On finit par croire que les évêques lisent RC. À peine paru le communiqué publié par mes confrères du « Collectif Antioche », les évêques se sont mis à parler… après la sécheresse, le déluge ! Et nous n’avons pas été déçus. Pas déçus, par rapport à nos attentes… Les premiers à parler l’ont fait dans un langage embrouillé, mais qui semblait refléter un certain désir de comprendre et d’entendre la voix d’un pays qui n’en peut plus. Mais le meilleur est venu d’en haut.
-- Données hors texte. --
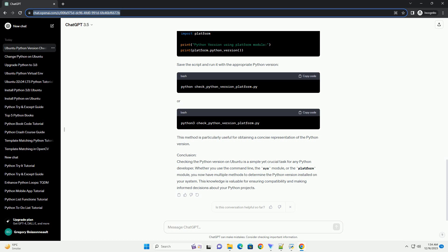Conclusion. Checking the Python version on Ubuntu is a simple yet crucial task for any Python developer. Whether you use the command line, the SYS module, or the platform module, you now have multiple methods to determine the Python version installed on your system. This knowledge is valuable for ensuring compatibility and making informed decisions about your Python projects.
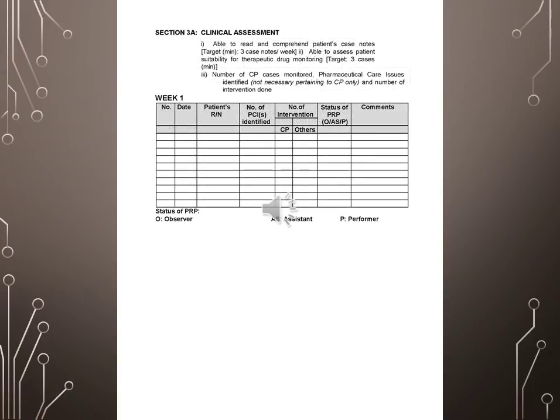Section 3, Clinical assessment. Able to read and comprehend patient's case notes. Target: minimum 3 case notes per week. Able to assess patient's suitability for therapeutic drug monitoring. Target: 3 cases minimum. Number of CP cases monitored. Pharmaceutical care issues identified, not necessary pertaining to CP only, and number of intervention done.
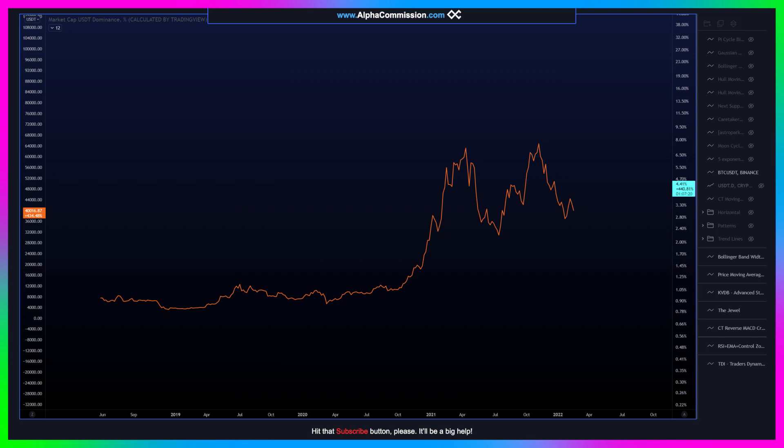Hey AlphaFam, welcome back to another episode of Alpha Commission. Today I just wanted to go over the most terrifying chart in crypto — at least what I think is the most terrifying chart — because if it works out the way that I think it might, then we could be in for quite a ride. And no, I'm not talking about the Bitcoin chart.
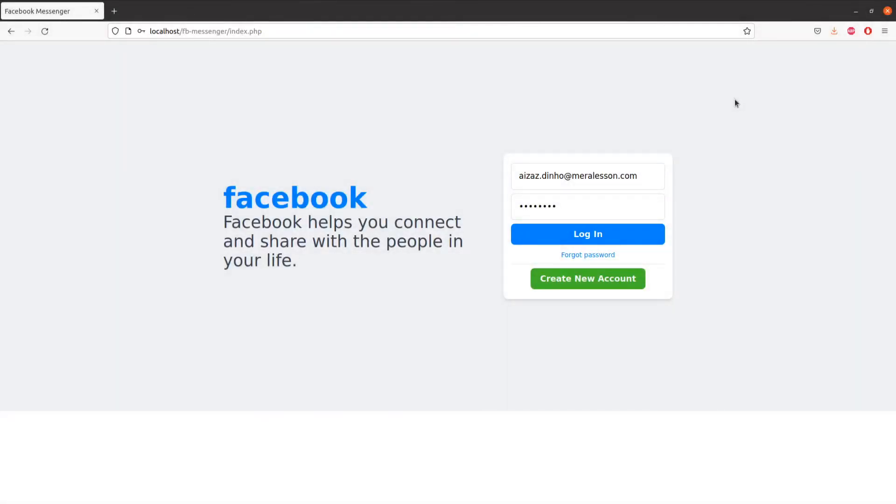Hi there, my name is Izzaz Geno and I'd like to show you how you can create your Facebook Messenger real-time chat using PHP,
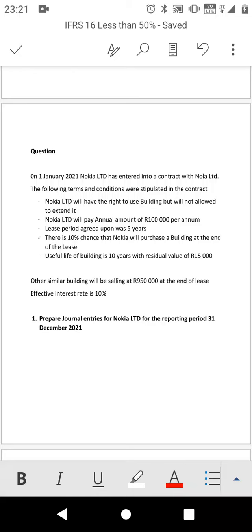This is the continuation of the other review video I did for IFRS 16. I come with another question which is a bit different from the one we did in the previous video. We are still doing the option to purchase. On the last one we were dealing with the case where the chance of purchase was more than 50%. In this case we are going to deal with the chance which is less than 50%.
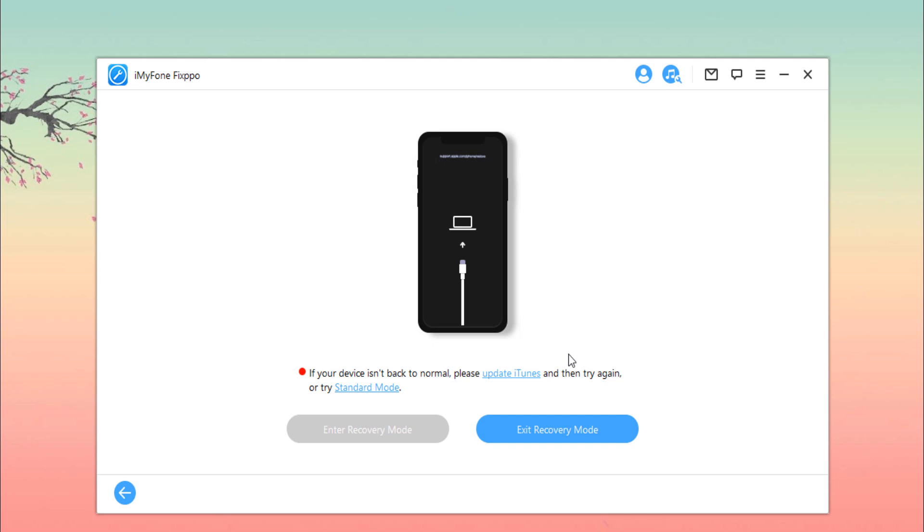Just connect your device. The Enter Recovery Mode button is clickable. Click it and in a short while, you will see your device in recovery mode.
Le communiqué signé par Mgr Pontier et transmis par Mgr Ribadeau-Dumas (inénarrable duo) est un monument qui fera date. Il aurait pu tout aussi bien émaner du cabinet du premier ministre, pondu par quelque technocrate sans âme, soucieux d’ânonner pour ses maîtres tous les « éléments de langage » aptes à bien glisser dans le système médiatique, sans choquer les loges. Il manque la dénonciation du « populisme » et l’appel à l’Europe, mais ça viendra.
Il suffit de lire.
D’abord, une remarque. Un mot magique revient cinq fois : « dialogue ». Un mantra qui ne mange pas de pain, et dispense d’insister sur le reste et, plus important, encore, de s’interroger sur les causes des effets que l’on déplore. Dialoguer pourquoi, et en vue de quoi. Le dialogue entre David et Goliath a-t-il un sens ? Le dialogue sans justice est-il un objectif crédible ? Mais le message du président des évêques est aussi brouillé que celui de la République. Quand on commence par évoquer « personnes exprimant leur souffrance et leurs peurs », « des choix politiques mal compris [qui] accentuent le sentiment d’exclusion », on montre à la fois que l’on n’a rien compris et que l’on relaye (une fois encore) sans le discuter le discours du pouvoir en place. Il suffit d’avoir passé cinq minutes avec un groupe de GJ sur un rond-point, pour voir que le problème n’est pas psychologique (peur et souffrance), mais profondément politique : les Français veulent tout simplement la « justice ». C’est pourtant une notion biblique fondamentale. Pourquoi nos princes ecclésiastiques sont-ils incapables de le comprendre ? « Rendre à chacun ce qui lui revient », ce n’est pas sorcier, et quand des élites déracinées s’enferment dans les beaux quartiers (avenue de Breteuil, Paris, VIIe), la marmite finit par exploser.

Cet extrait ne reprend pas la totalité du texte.